The Library of Gray was founded in 1799 after the confiscation of the properties of the Catholic Church. The library first opened in an old convent before moving to a proper building adjoining the city hall in 1859. The library is divided into two sections. One section stores only documents that cannot be borrowed and the second contains documents that can be borrowed by the public.

== History ==
The Library of Gray emerges after the French Revolution and the confiscation of the properties of the Catholic Church. From 1792 to 1798, the abbot Lempereur is asked to preserve the documents that comes from the nearby convents. The municipality of Gray requests the executive directorate in order to found and open a new library. The 30 March 1799, the library is founded and inaugurated in the old convent of the cordeliers. Since then, the library is open to the public. This library serves also as a kind of museum because in 1801, the curator enumerated 107 paintings, some of which are now in the Baron-Martin Museum.

=== The Great Library ===
In 1859, the municipality of Gray wants to have a proper building for the library. This new building, adjoining the city hall, is conceived as a sumptuous place with its panelling and its gallery surrounding the hall. The building is achieved in one year. The library is inaugurated the 6 December 1859 and open to the public the 1 January 1860. Since this period the new library is called "the Great Library".

Since then, the library is divided in two parts. At the ground floor, there is the part with modern books that can be borrowed and upstairs, there is the part with old books that cannot be borrowed and can only be read at library.
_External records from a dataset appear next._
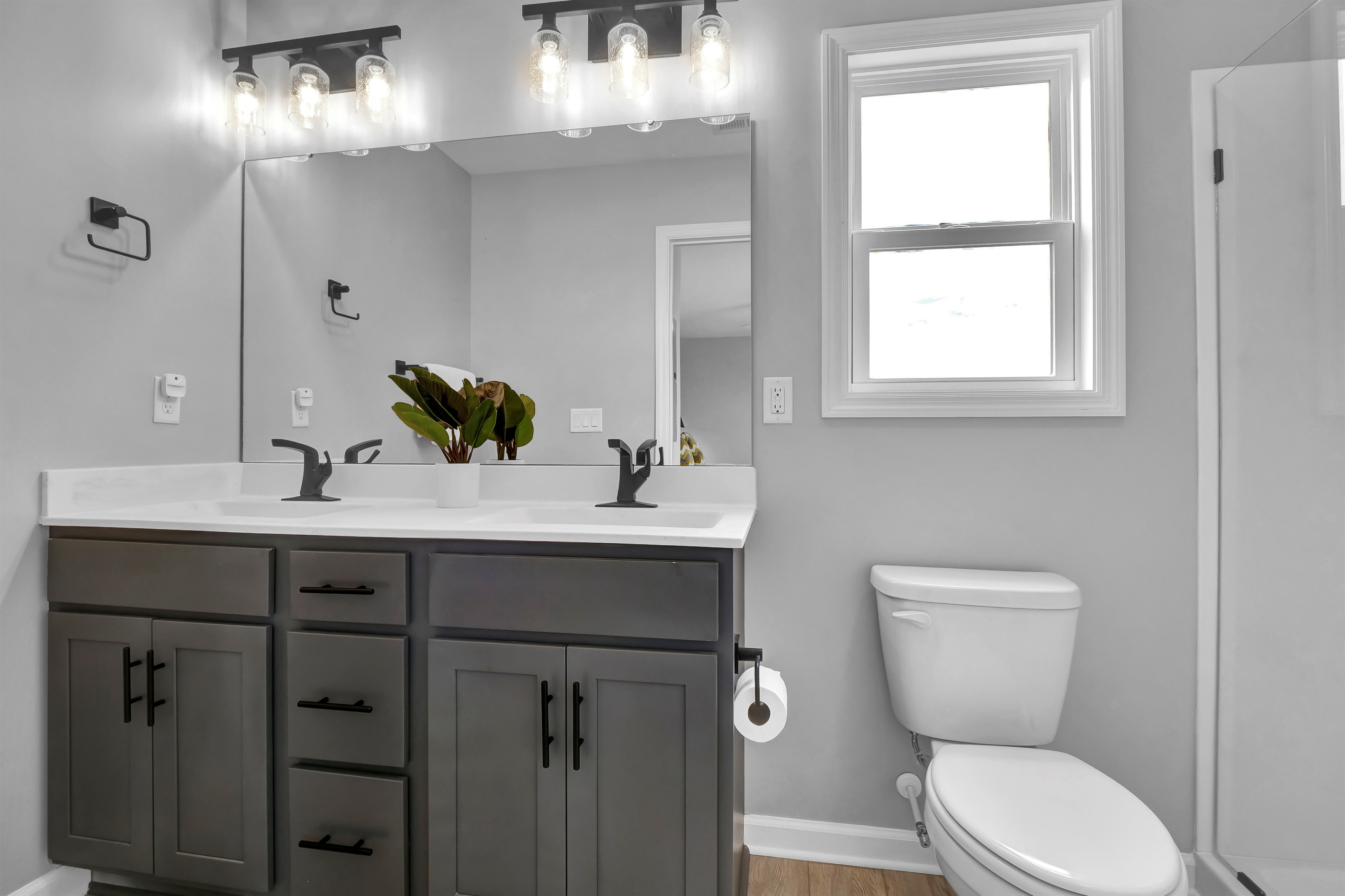 Enjoy extra space and convenience with this stylish double vanity 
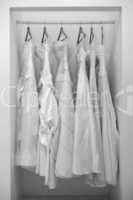 Collection of wedding dresses in the shop in black and white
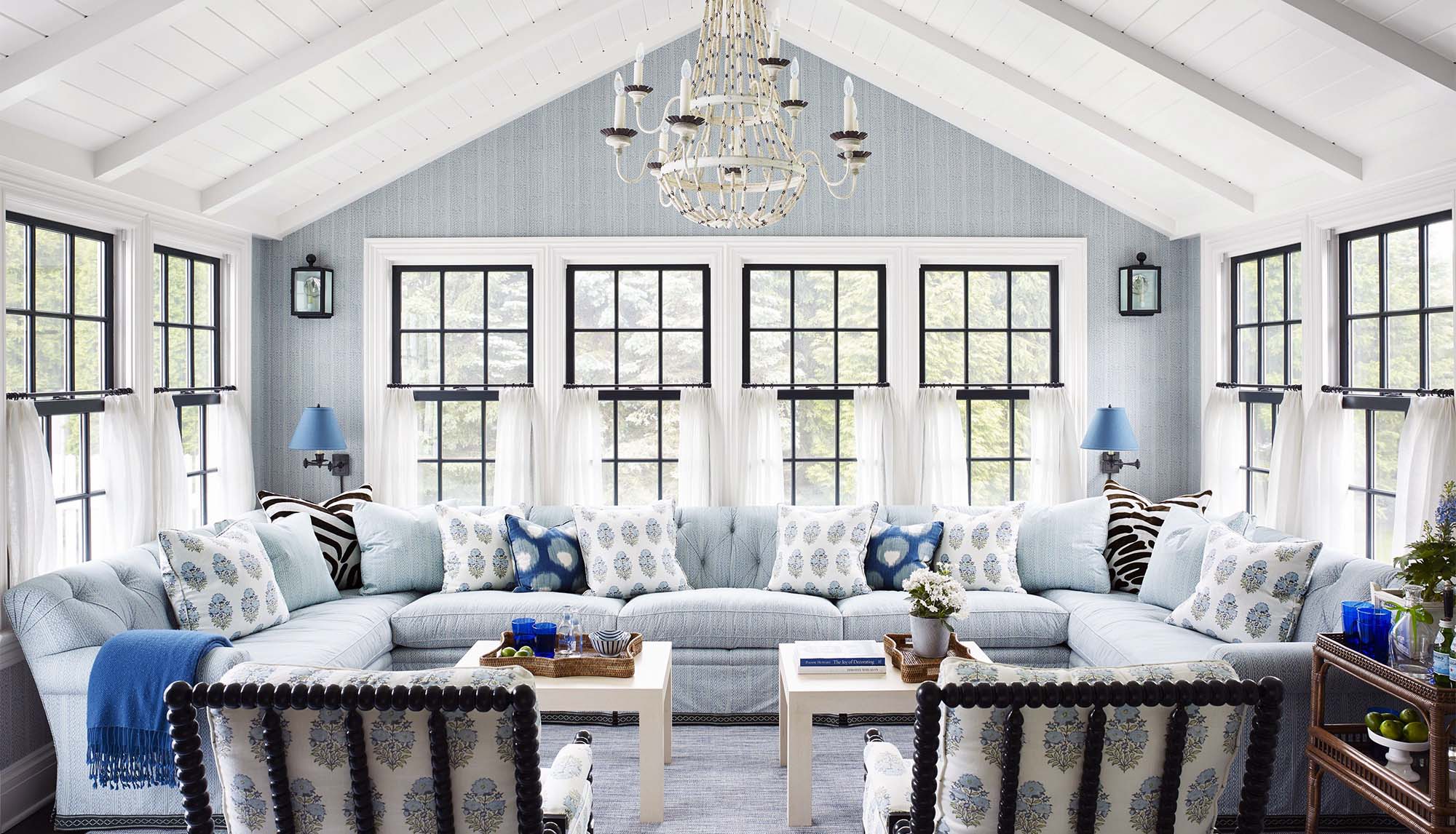 blue and white theme sunroom chandelier cathedral ceilings beadboard exposed beams nj custom sunroom builder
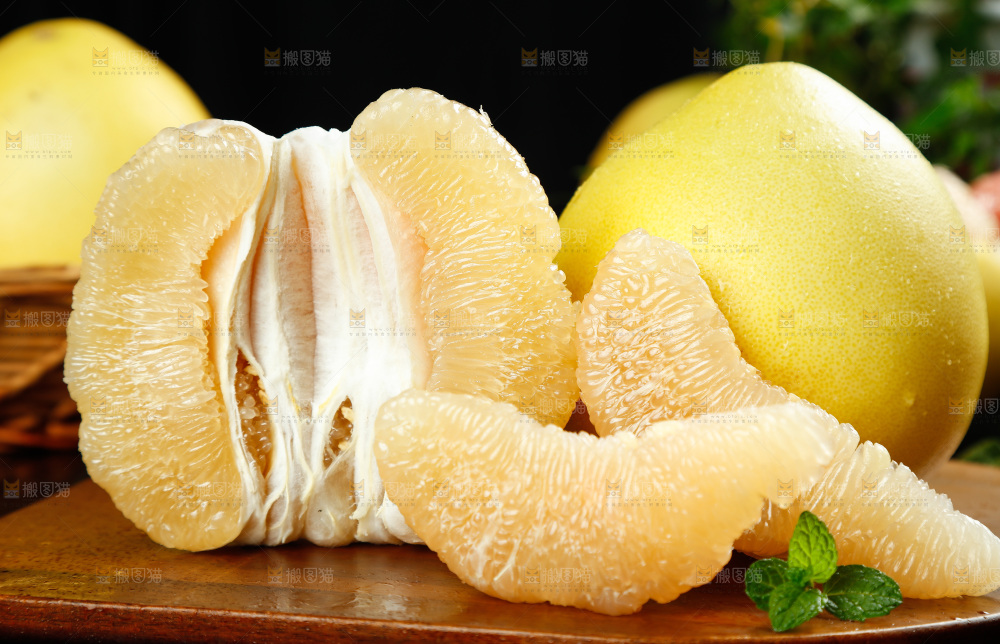 木板上放着蜜柚和白心蜜柚果肉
Nowadays, the modern part contains 13.000 books when the old part contains 25.000 books.

== Collections ==
The old part contains 18 incunabula among which there is a book of Jean Buridan about Aristotle's Ethics (1489), The Consolation of Philosophy by Boethius (1480) and also the Fasciculus temporum by Werner Rolevinck (1495).

The library hosts also many pictures from amateur photographers living in the commune of Gray. Among them, there are Eugène Noir (1855-1904) and Louis Guichard (1866-1934) who were peculiarly active during the Belle-Époque.
Books from famous Gray inhabitants are also hosted by the library, like Jean-Baptiste Romé de l'Isle (mineralogist considered as one of the creators of the modern crystallography), Augustin Cournot (mathematician, economist and philosopher) and Edmond Bour (mathematician and engineer).

=== Partnership with Wikimédia France ===

In 2008, Wikimédia France made a partnership with the library of Gray in order to digitize an atlas from 1828 and some engravings of George Anson's voyage around the world.

== Exhibitions ==
Some exhibitions are organized in the library of Gray, especially for the event called Patrimoines écrits en Bourgogne-Franche-Comté.

=== 2017 ===

- Habiter son territoire : espaces intimes, espaces publics : An exhibition about the place of man in a territory, from documents of the library.

=== 2018 ===

- Le travail c'est la santé : An exhibition about the universe of work.